### Supplied entries
Content starts
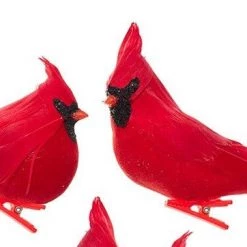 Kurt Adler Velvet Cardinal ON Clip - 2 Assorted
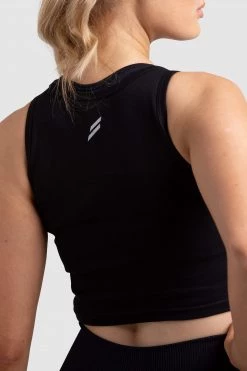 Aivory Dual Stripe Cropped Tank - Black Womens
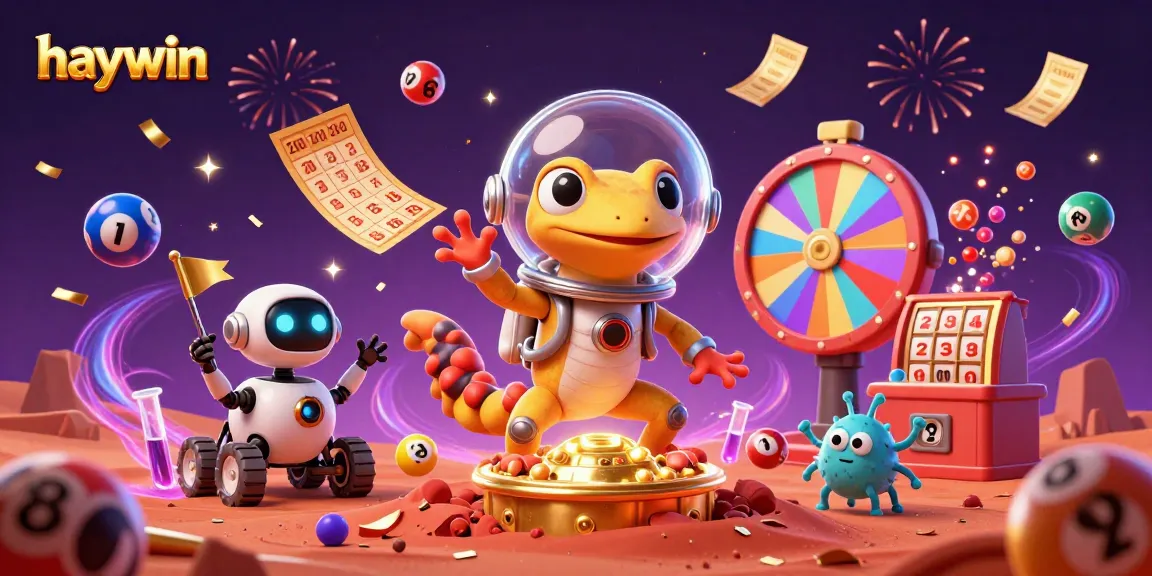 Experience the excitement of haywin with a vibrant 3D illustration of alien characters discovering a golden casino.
Content ends
Content starts
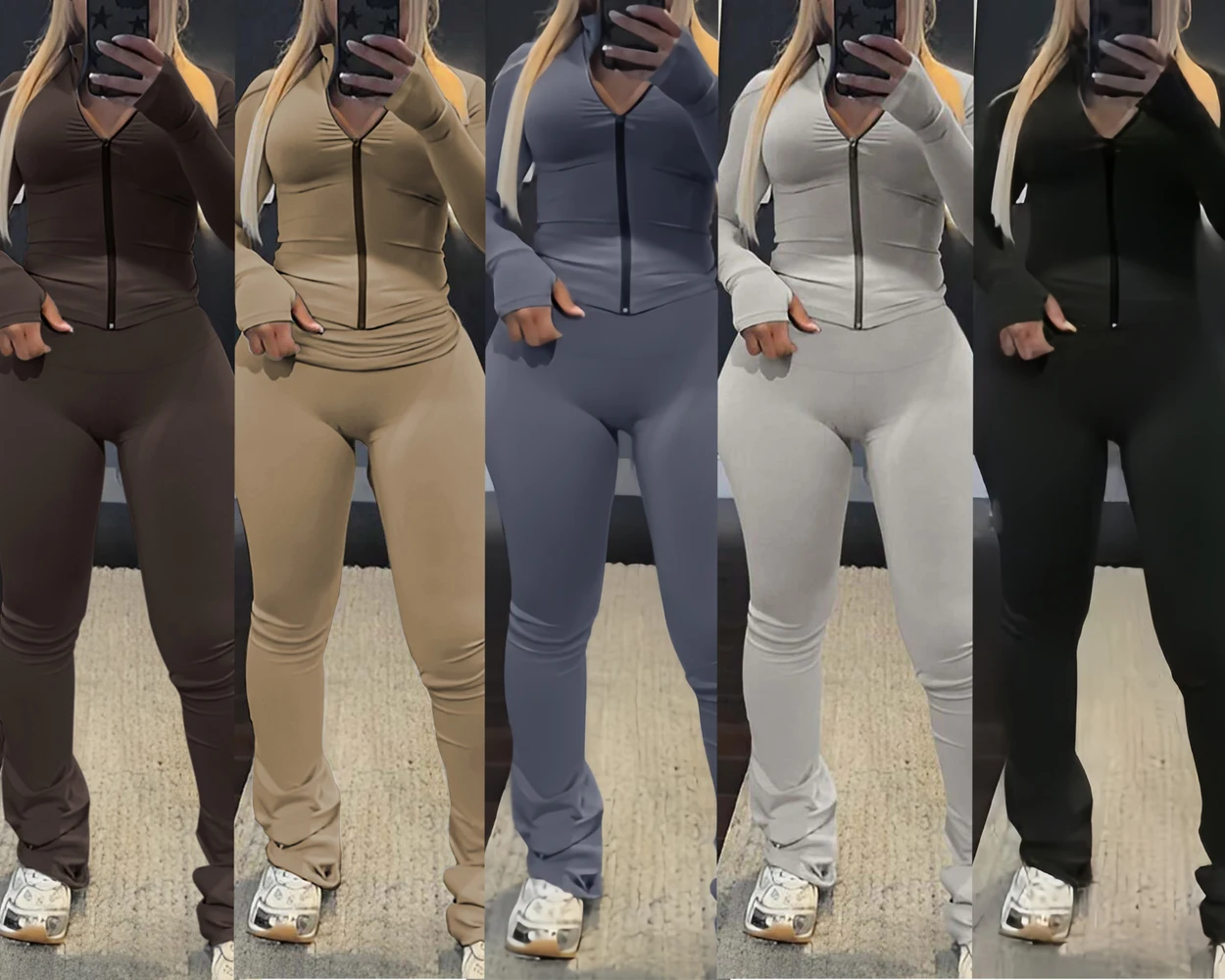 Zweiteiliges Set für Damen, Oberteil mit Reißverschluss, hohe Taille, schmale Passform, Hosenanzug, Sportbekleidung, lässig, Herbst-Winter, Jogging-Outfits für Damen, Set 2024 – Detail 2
Content ends
Content starts
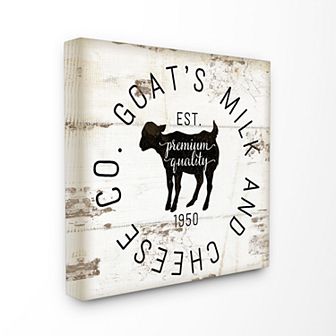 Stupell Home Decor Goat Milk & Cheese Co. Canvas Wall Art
Content ends
### What needs to be done
For this exercise, reproduce exactly the lines of the records above from the one with "Kurt Adler Velvet" up to and including the one with "Experience the excitement", without pictures.

### Task answer
 Kurt Adler Velvet Cardinal ON Clip - 2 Assorted
 Aivory Dual Stripe Cropped Tank - Black Womens
 Experience the excitement of haywin with a vibrant 3D illustration of alien characters discovering a golden casino.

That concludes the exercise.